Interesting i read that website too, I believe they are saying the truth, look we can’t go out and start alarming people
that come on there is a hell after death, living everyday with stress, so it is not a Good news, it is for three months since I repented (i couldn’t accept that my family is going to hell because they are unbelievers, something was wrong), there are other websites similar to this too: Godsplanforus.com, tentmaker.org and askelm.com, but be careful, do not sin

see my profile what i wrote, my life is like the one i wrote in interests, it is like narrow gate

and see the posts i wrote:

my opinion is different from them on this one:

an objection to Arminianism: what is the real purpose of punishment if we were forgiven almost 2000 years ago and we are righteous in his eyes? of course problem is not the sin but sinfulness, correction with destroying the wicked bad personality (soul) in the lake of fire, and why our parents didn’t kill us when we were child in order to save us from hell if these people are saying that infants are going to heaven?

i think, there is no need for eternal punishment, it is meaningless!

an objection to traditional Churches: if we were forgiven so why Jesus is in Heaven? why he is not in hell or hades (real meaning is grave or sheol) now for our punishment? when he died he was wicked because of our sins, he really was dead those 3 days to bury our sins, he was the last passover lamb, nowhere in the Bible said he got punishment in hell in those 3 days!

Lady Bug -

I know how you feel, and you’re not alone in how you feel.

My mom is an atheist, my sister is an agnostic, and I have a number of other family and friends whose standing with God and eternal fate, according to traditional Christian beliefs, would be questionable.
Even my own standing would be questionable.

In the past, I wrestled deeply with anger and anxiety in thinking of what might happen to me, or to those I cared about, and with the sometimes deeply disturbing and warped picture of God in my mind, that was only reenforced by what I would sometimes read in the Bible, or hear in church or elsewhere.

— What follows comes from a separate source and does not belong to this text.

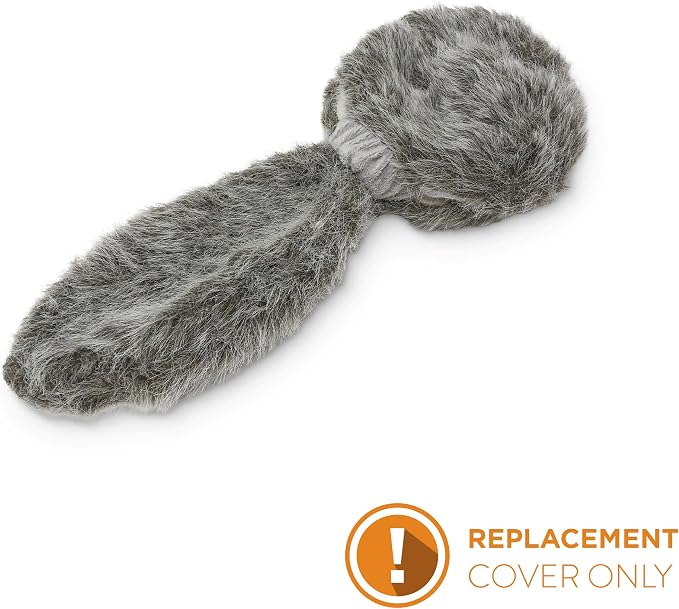 Hyper Pet Replacement Doggie Tail Grey - REPLACEMENT COVER ONLY | Spare outer skin fits the interactive wiggling toy unit, easy to swap when the original gets worn from daily play sessions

I lashed out at, cursed at, accused and then pleaded desperately with God; I beat myself up, going so far as to bang my head against walls, claw at myself, tensing my body until I went into involuntary convulsions, while crying out with all my being for an answer and for peace…
I went through many of these dark moments of agony and despair, when no one else was looking, from my late teens up until about three years…

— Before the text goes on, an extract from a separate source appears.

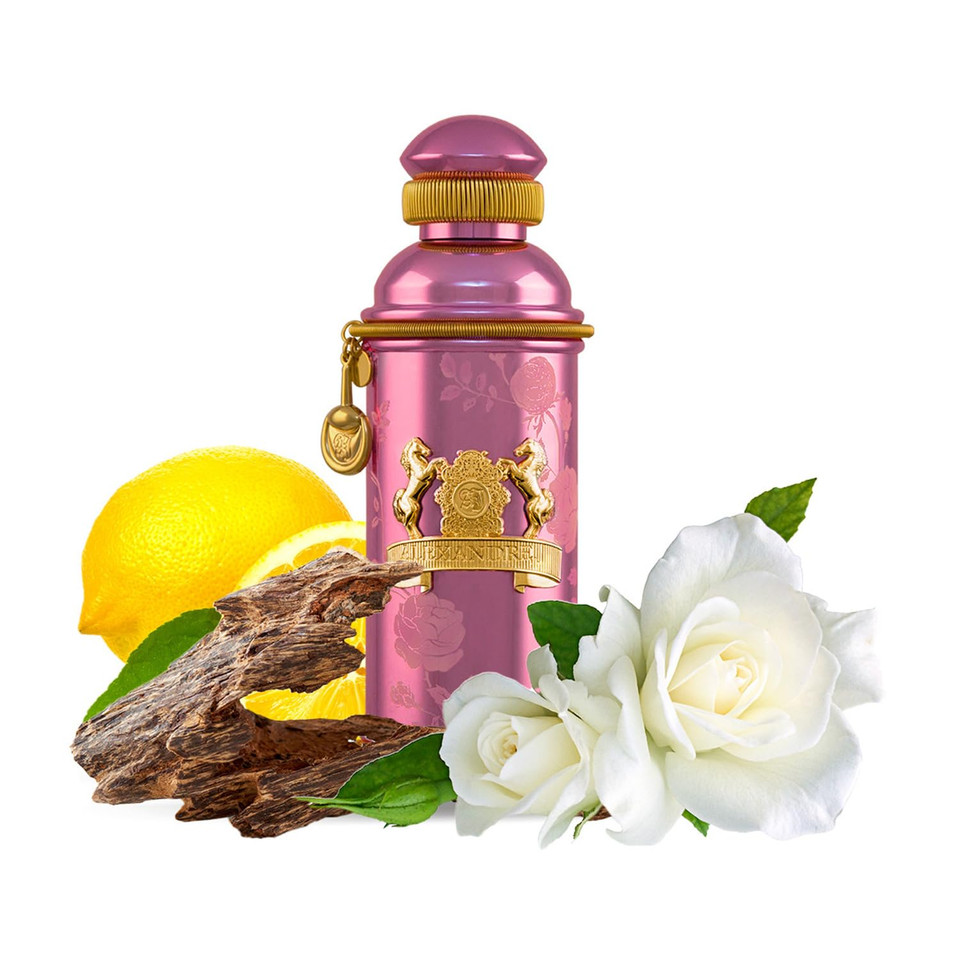 Rose Oud Eau De Parfum Spray For Women 3.4 Fl Oz / 100Ml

It was a very lonely and overwhelming battle that was going on inside of me through those years.

And I still struggle in some ways to be sure, with old weaknesses and still sometimes with doubt, but the nature and intensity of my struggle has changed. I don’t wrestle with God like I once did. I’m not so afraid, nor does despair threaten to consume me on an almost daily basis.
And I think coming to embrace the hope of universal reconciliation has helped me to find some kind of answer, and some kind of peace, or at least has helped me to keep going and to not give up, and helped me to move in a new direction.

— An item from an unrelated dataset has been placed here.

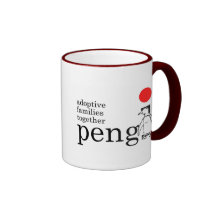 Pengi Adoptive Families Together mug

If you’d like to hear more of my story and get a better idea of where I’m at, you can check out this video interview I did with my pastor, Steve Doss, which I just posted today on the forum, here: youtube.com/watch?v=TmfioVS5Hp0

Also, I recently commented on another poster’s thread, the wife of a Baptist pastor, BPW, who has also wrestled with traditional teachings on hell, and the picture of God that goes with it, and here’s what I said to her, which may give you some more idea of my background and how I got to be where I’m at now, and may resonate with you in some way:

It’s been awhile since I’ve been in the kind of dark place that you’re in now, but I can still remember those times, even though I can’t relive them, nor would really want to. But I do remember them.
Many of us here have struggled because of these kinds of teachings about God and about life and death and what comes after… many of us here have wrestled with God and cried hot tears in the middle of the night… but then many of us here have also found a greater hope, and a greater freedom, because our hearts have been opened to the powerful possibility that maybe it really is true, what we’ve longed and ached to believe to be true: that God really does love everyone, and will not give up on, will not abandon, anyone.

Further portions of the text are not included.